It’s Daffodil Time
Last year Winter brought stillness, nothingness, sleeping, quiet reflection and ancestors who visited both invited and uninvited. Despite this year’s daffodils, crocuses and early tulips, Spring has dragged its feet. We’ve been up to our eyes in rain, rain and yet more rain. But it seems to have stopped and now it is spring; well and truly Daffodil Time since Mother’s Day comes early this year. And like Daffodil Friend, the foundling in my children’s book Redhair and Daffodil Friend, everything has come early including the miniature irises that have been and now gone over in the front garden.
“That same year a tiny baby girl appeared in a bundle on the steps of the city hall. Wrapped in an exquisitely woven shawl of seagull feathers she had a daffodil tied to her ankle. No one knew where she came from, and no one asked because it just wasn’t their business.
It seems strange for a daffodil to be blooming so early in the year, thought Sea Potato Mam. The child is very weak. She should be a spring baby but it seems she has come early. Sea Potato Mam sighed long and hard.
Taking pity on the orphaned child she kissed her, breathing life into her little lungs. Then she consulted a rulebook called ‘On the Care of Lost Children’. She kept it in a cupboard in the city chamber. It said: if you cannot locate a child’s parents then the governor of the city must take the child for her own.” Extract from Redhair and Daffodil Friend
I am looking forward to adapting my story for the stage with fledgling performers from the University of Salford this April.
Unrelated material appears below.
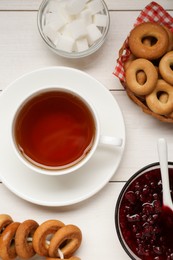 Flat lay composition with delicious ring shaped Sushki (dry bagels) and cup of tea on white wooden table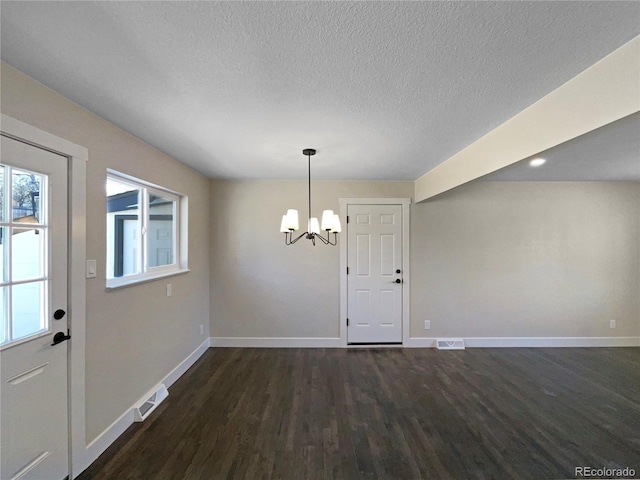 unfurnished dining area with a textured ceiling, a chandelier, and dark hardwood / wood-style floors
As well as the image of a daffodil I have also been thinking about the wonderful poem Harrowing by Parker J Palmer because it resonates for me. I found it on the internet via a podcast version of it I heard, I think from Tara Brach.
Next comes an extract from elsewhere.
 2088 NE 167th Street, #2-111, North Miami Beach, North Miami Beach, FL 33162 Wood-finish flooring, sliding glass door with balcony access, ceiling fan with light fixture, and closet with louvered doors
I will quote the poem in full here although the image I found may be a better way to experience these wonderful words:
Harrowing
The plow has savaged this sweet field
Misshapen clods of earth kicked up
Rocks and twisted roots exposed to view
Last year’s growth demolished by the blade.
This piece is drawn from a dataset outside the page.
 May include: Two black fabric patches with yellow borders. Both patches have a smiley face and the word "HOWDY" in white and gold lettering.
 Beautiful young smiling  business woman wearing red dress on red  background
I have plowed my life this way
Turned over a whole history
Looking for the roots of what went wrong
Until my face is ravaged, furrowed, scarred.
Enough. The job is done.
Whatever’s been uprooted, let it be Seedbed for the growing that’s to come.
I plowed to unearth last year’s reasons-
The farmer plows to plant a greening season.
-Parker J. Palmer
So, here it comes – new shoots – springing up, promising something. But can we still think like this though, in our world so disrupted, corrupted and erupting with all kinds of terrible incidents, especially this last year and this Springtime still?
I feel age, experience and yet a helplessness. I am calling out to the young for hope and action. I am calling out to the old for wisdom and counsel, not literally, but in my heart and hopefully in action.
Mum would have been 90 this year: on April 24. She was born during the traditional time of the Daffodils, despite St David’s Day, and those yellow heads that came early in February this year. Mum’s journey from her cradle to her grave was challenging – she was born alone and she died during COVID, alone. I have churned over the soil of her life for most of my own creative life. One dear memory of her is how she quoted Wordsworth’s ‘Daffodils’ poem right up till the end, despite her dementia.
Ultimately though I have to come back to myself to do my bit as far as I am able, knowing these crises we currently experience are bigger than I can influence. What is doing something anyway? What should I, can I do? What can I offer?
New Life
We have a new baby coming to our home very soon,
my great nephew.
that potential,
that little life.
What is to come?
I can show him our beautiful coast,
the flat lands where we live
and in that there is something,
something really positive.
So to come back to Palmer:
“Enough. The job is done.
Whatever’s been uprooted, let it be Seedbed for the growing that’s to come.
I plowed to unearth last year’s reasons-
The farmer plows to plant a greening season.”
Comments 1
Loved your reflective prose on this time of year which I finds herald hope . The land carries many hidden truths it’s where we may be buried , ” recycling us to pastures new ” I love in your own work redhair and daffodil ” the Lost children “and the duty of the governor to care for the foundling and I think of the foundling children of 2024 in Gaza, Ukraine, Yemen, Afghanistan and the resilience of the child to ” furrow their soil” given the right implements of love , nourishment, education , friendship and trust. Thank you very transitioning a piece of prose Carran.